We could add to this definition that in the modern era, especially since Baultmann, the impetus of liberal theology is not so much to subject the Bible to reason, as to translate the Gospel into terms meaningful to contemporary society. Be that as it may, I'll get back to that shortly.Liberal theology is most often thought of as a counter to "orthodoxy," but for most of its history the liberal view was more in line with Orthodoxy and the Evangelicals and their forerunners were on the lunatic fringe. Three major movements that preceded the Evangelical; the Pruitans (sixteenth century England), the Pietists (seventeenth century Germany) and the Evangelicals (nineteenth century England and America), all were kept at bay by the mainline orthodoxy which controlled the major denominations, and all three were radical movements that sought to restore a bogus ancient flavor to Christianity while moving away from the liberals who had come to control the Orthodox centers.

The dichotomy between reason and faith in religion goes very far back in Christian origins. In Early modern times it emerges as rationalism vs. voluntarism, but it can be found in the middle ages between Scholastics and nominalists. We should not be at all surprised to find the Enlightenment as a major source of liberal theology, and so it was. Nevertheless, there are other sources that even preceded the enlightenment. Since a major motivational force for liberal theology has been rationalisms, many antecedents from the Reformation and skeptical crisis in Europe can be found, thus pre dating the enlightenment. The same antecedents which pushed the Enlightenment also forged the impetus for liberal theology.

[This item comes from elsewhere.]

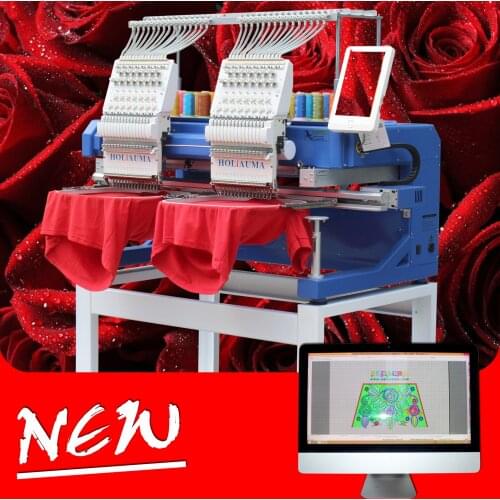China 10 years service ! Double head 15 colors computerized embroidery machine multi function cap flat garment embroidery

But I'm going to skip up 19th century, because my historical wring is long,boring, and ponderous,and because real liberal theology begins in the 19th century. See comment section for my development the antecedents renaissance and reformation.

Schleiermacher

It was out of this Kantian quagmire that liberal theology proper really gets going. Libeal theology begins with the attempt of a faithful follower of Kant, Frederich Schliermacher,(1768-1834) to restore God as the object of theological discourse. As a Kantian Schleiermacher knew that God is not given in sense data. Also as a Kantian he knew that God had to be on a par with the necessary categories but that we had to have to some form of interaction with experince. It was out of this problemt that he realized that one could go around the sense data and find interaction of the mind with God in the form of our basic consciousness of the concept of God itself. From this notion Scholeiermacher emerged with his famous dictum, the "feeling of utter dependence." Though this concept God was once again placed as the object of theological disourse and the basic method of liberal theology was born. Schleiermacher is known as "the father of liberal theology" for this reason.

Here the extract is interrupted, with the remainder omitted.